*TO DO*. Would you copy, word for word, each line from the one with "Cuña italiana importada" to the end of the listing below, skipping all pictures?
:: DATA LISTING ::
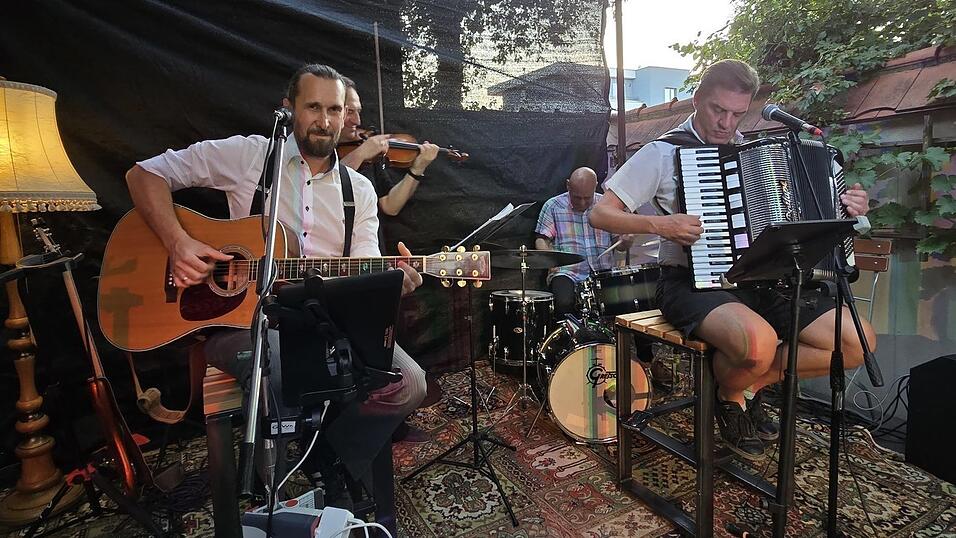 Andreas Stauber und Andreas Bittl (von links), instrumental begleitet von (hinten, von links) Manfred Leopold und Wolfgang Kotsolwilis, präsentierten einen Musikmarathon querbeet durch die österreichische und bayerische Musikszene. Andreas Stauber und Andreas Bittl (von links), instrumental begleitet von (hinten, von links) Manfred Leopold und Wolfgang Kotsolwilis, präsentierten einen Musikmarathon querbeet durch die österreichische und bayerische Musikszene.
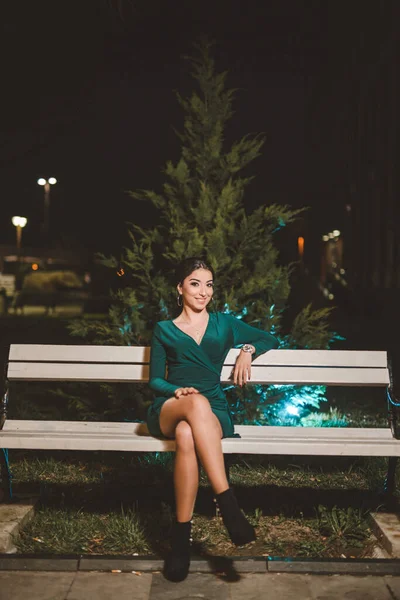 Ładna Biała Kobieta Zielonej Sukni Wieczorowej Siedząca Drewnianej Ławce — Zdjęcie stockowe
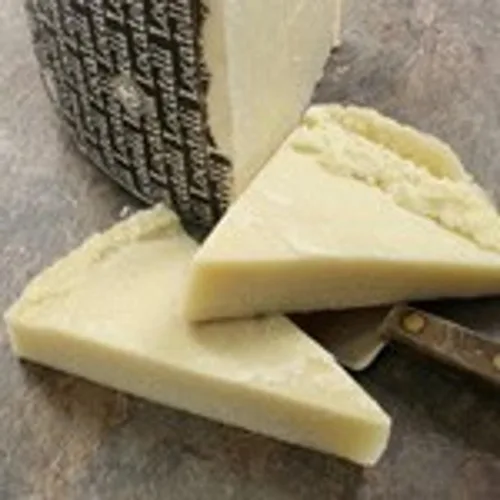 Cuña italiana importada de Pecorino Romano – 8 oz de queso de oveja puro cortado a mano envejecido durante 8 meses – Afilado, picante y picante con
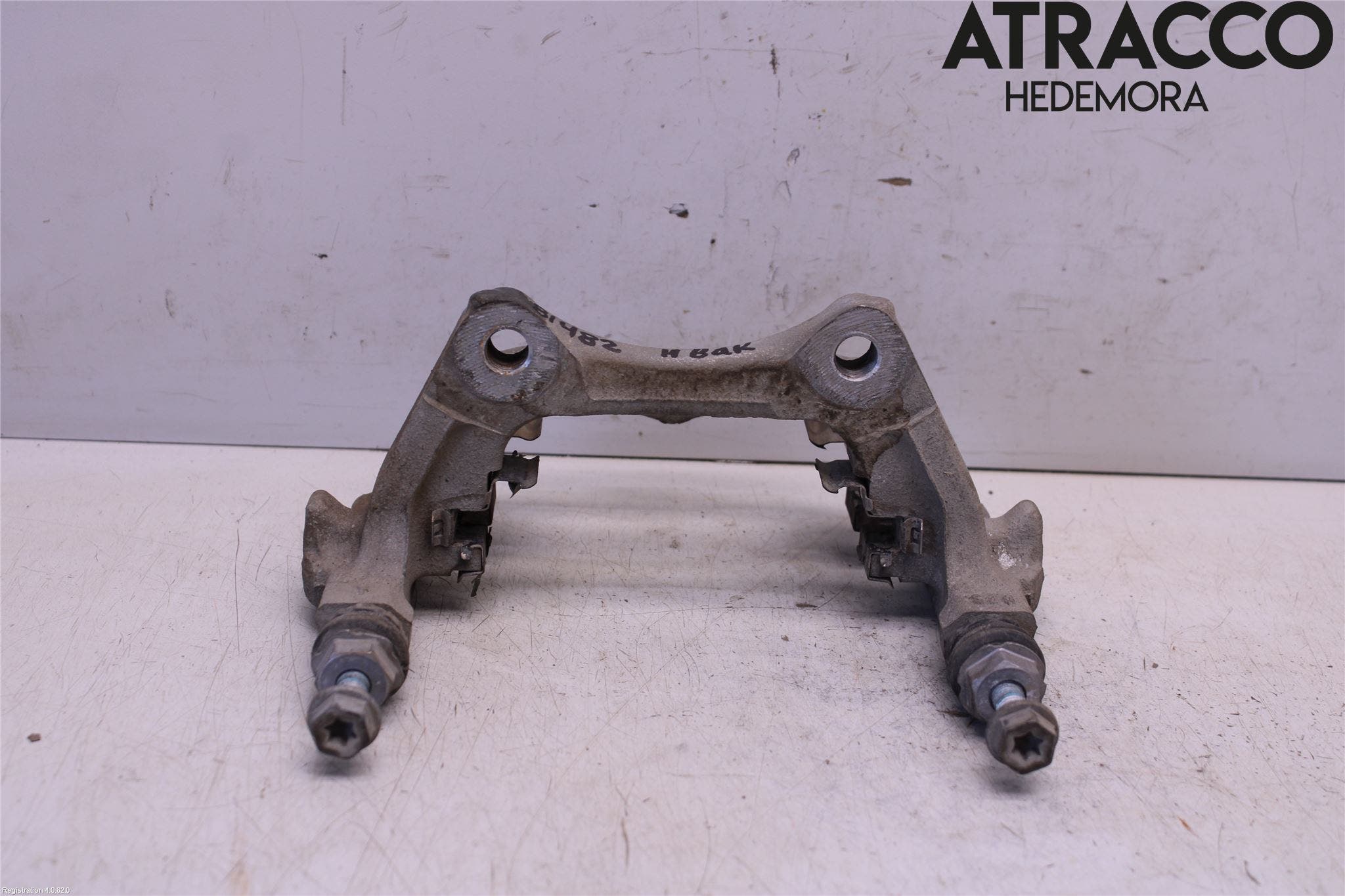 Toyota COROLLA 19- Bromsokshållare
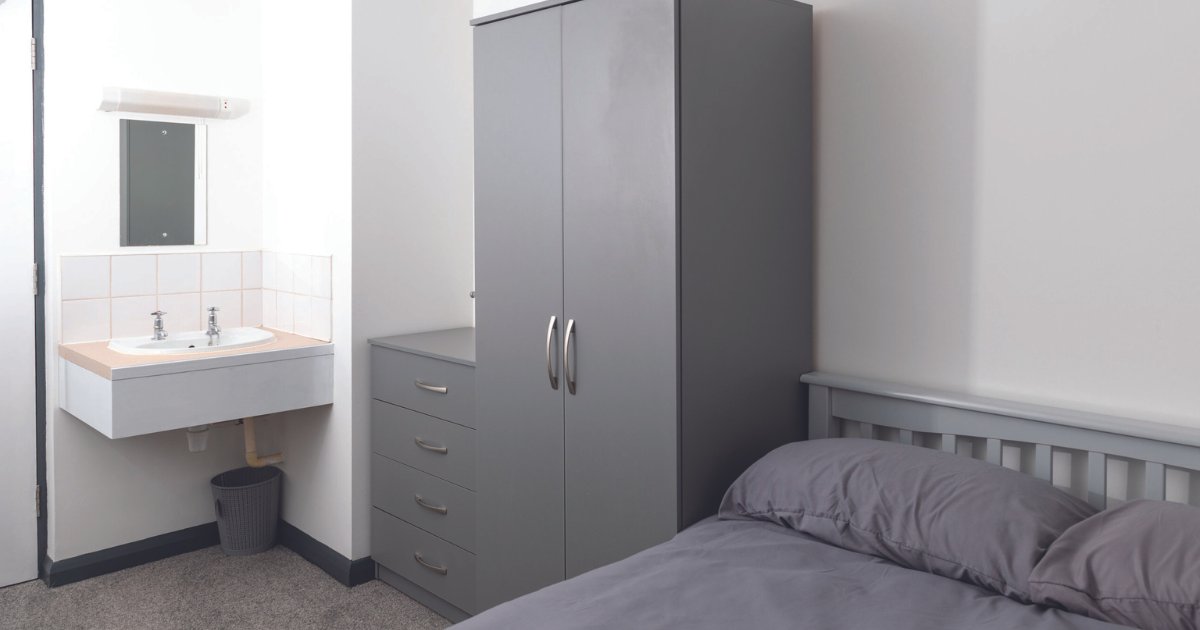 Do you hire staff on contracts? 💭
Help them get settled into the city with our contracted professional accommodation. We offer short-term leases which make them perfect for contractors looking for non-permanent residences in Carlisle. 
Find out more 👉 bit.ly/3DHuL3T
:::
*EXPECTED ANSWER*.
 Cuña italiana importada de Pecorino Romano – 8 oz de queso de oveja puro cortado a mano envejecido durante 8 meses – Afilado, picante y picante con
 Toyota COROLLA 19- Bromsokshållare
 Do you hire staff on contracts? 💭
Help them get settled into the city with our contracted professional accommodation. We offer short-term leases which make them perfect for contractors looking for non-permanent residences in Carlisle. 
Find out more 👉 bit.ly/3DHuL3T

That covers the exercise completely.